Session Lifecycle
Session states, the browser bind protocol, how to unlock a locked session, and how to end one.
Endpoint schemas and parameter details live in the API Reference. This page covers session behavior — what states a session can be in, how browser clients finalize sessions, how to unlock a locked session, and how to end one.
Session States
Every access token maps to a KV entry that records the session's current state. A session is either locked or unlocked, depending on whether owner_token and user_member_token are stored in that entry.
Think of a locked session as a library card that proves you're a member but doesn't tell the
librarian which books are yours. The access token gets you through the door. The owner_token
and user_member_token — derived from your personal key material on your device — tell the
server which records belong to you. Without them, the server has no way to locate your documents
or entity memberships.
| State | What it carries | What it can do |
|---|---|---|
| Unlocked | Access token + owner_token + user_member_token | Full API access — documents, entities, search, deliveries |
| Locked | Access token only | Auth operations and token refresh only |
Locked sessions arise in two situations:
- Account recovery —
POST /auth/recoveryreturns a locked session intentionally. Your device decrypts the recovered key material and callsPATCH /auth/recoveryto receive an unlocked token. - Browser login —
POST /auth/opaque/authenticate-finishissues a 60-second pending access token. Your device must complete the bind protocol before the session can act on data.
The Browser Bind Protocol
Your device cannot safely receive a refresh token in a login response — it would be exposed to the JavaScript environment before being stored securely. Instead, your device derives the refresh token locally using OPRF evaluation, then binds the session server-side.
Step 1 — Receive the Pending Access Token
POST /auth/opaque/authenticate-finish returns a short-lived pending access token with a 60-second TTL. This token is accepted on only two endpoints — POST /auth/session/refresh-eval and POST /auth/session/bind — until it expires or is replaced by a full token at bind.
Step 2 — Evaluate the OPRF
POST /auth/session/refresh-eval accepts a blinded ristretto255 point. The server multiplies it by its OPRF key scalar and returns the evaluated result. The server never learns your device's refresh secret; your device never learns the OPRF key.
Your device unblinds the result to derive the refresh token locally.
Step 3 — Bind the Session
POST /auth/session/bind finalizes the session using the OPRF-derived refresh_token:
- Validates the pending KV entry (
pending: truemust be set) - Creates a DB session row keyed by SHA-256 of the refresh token
- Issues a new, non-pending access token (15-minute TTL)
- Deletes the pending KV entry
- Sets the
kyndex_rtHttpOnly cookie containing the refresh token
After this step the session is full and unlocked.
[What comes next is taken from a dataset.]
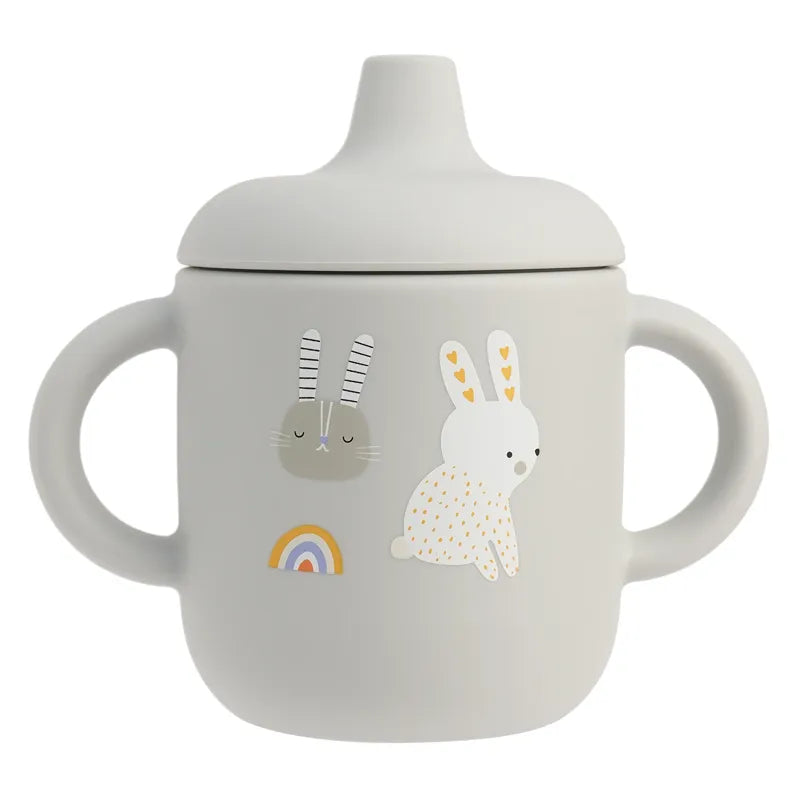 Tasse d’apprentissage bébé lapin en silicone gris sans BPA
The server has no record of what refresh token your device holds — only its hash.
Unlocking a Locked Session
Pass owner_token and user_member_token in the refresh body alongside the refresh token:
POST /auth/tokens/refresh
Content-Type: application/json
{
"refresh_token": "<base64-encoded 32 bytes>",
"owner_token": "<base64-encoded 32 bytes>",
"user_member_token": "<base64-encoded 32 bytes>"
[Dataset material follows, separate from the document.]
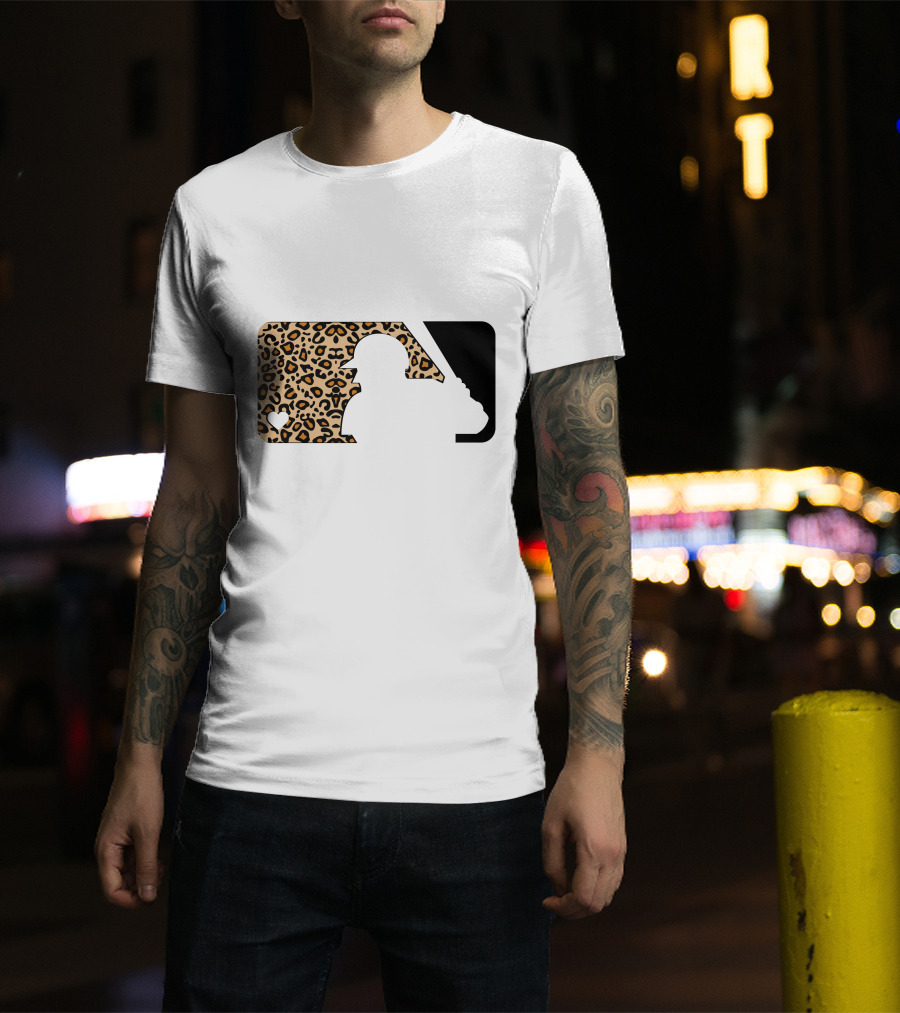 MLB Baseball Leopard Print Batter Silhouette Sublimated T-Shirt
}The server stores these values in the new access token's KV entry. All requests using the new token are treated as unlocked.
This is the standard path after account recovery: POST /auth/recovery returns a locked session, your device decrypts its recovered key material and derives the two tokens, then calls POST /auth/tokens/refresh to receive an unlocked access token.
Endpoints That Require an Unlocked Session
Requests to these endpoints with a locked session return 401 with error code SESSION_LOCKED. The message is: session is locked; provide owner_token and user_member_token via token refresh.
| Domain | Affected endpoints |
|---|---|
| Documents | Create, list, reservations, OCR result, consumer indexes |
| Entities | List, add member, manage members |
| Deliveries | Discover, received, reserve, create, lifecycle |
| Search | Document search |
| Jobs | Get job status |
All auth, token refresh, and public endpoints accept locked sessions.
Ending a Session
Both logout routes require a valid access token and return 204 No Content on success. The kyndex_rt cookie is cleared automatically for browser clients.
| Endpoint | Scope | Body |
|---|---|---|
DELETE /auth/sessions/current | Current session only | None |
DELETE /auth/sessions | All sessions | { "revocation_token": "<base64 32 bytes>" } |
The revocation_token is issued during login alongside the access and refresh tokens. It authorizes bulk invalidation of every session tied to the account. Store it alongside your refresh token — if it is lost, all-session logout is unavailable until the next login.